The second thing is that you might hear the Commonwealth described as having ‘grown up with’ the Queen, i.e. with Elizabeth II (or that the Queen grew up with the Commonwealth: both are true). She has lived through the creation of the modern Commonwealth and seen it develop into what it is today, and has always seen the value in it, even if her ministers did not. Many member states which became republics nonetheless felt a great respect for, and attachment to, the Queen because of this.
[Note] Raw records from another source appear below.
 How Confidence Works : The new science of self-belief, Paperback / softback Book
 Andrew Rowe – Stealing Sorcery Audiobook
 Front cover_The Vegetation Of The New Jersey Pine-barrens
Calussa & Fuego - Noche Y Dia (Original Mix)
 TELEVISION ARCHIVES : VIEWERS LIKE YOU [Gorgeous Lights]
The Commonwealth is still its valuable self under the headship of Charles III, who is an ideal Head because the aims of the Commonwealth align so closely with the causes he has championed throughout his own long life, particularly environmental protection, improving opportunities for young people, and international cooperation and understanding.  

So that’s my Commonwealth post, updated for 2025. I hope, as with anything that I write here, that it has made you think, and that next time you hear someone saying something ignorant about the Commonwealth, you can correct them. 

Further reading:

https://thecommonwealth.org/member-countries This is an excellent source of information on the various Commonwealth countries, including which countries are members, when they joined, which ones are the Realms, etc. 

https://www.royal.uk/commonwealth-and-overseas This is a similarly helpful overview of what the Commonwealth does and how the King’s role fits into it, as is https://www.royalcwsociety.org describing the work of the Royal Commonwealth Society.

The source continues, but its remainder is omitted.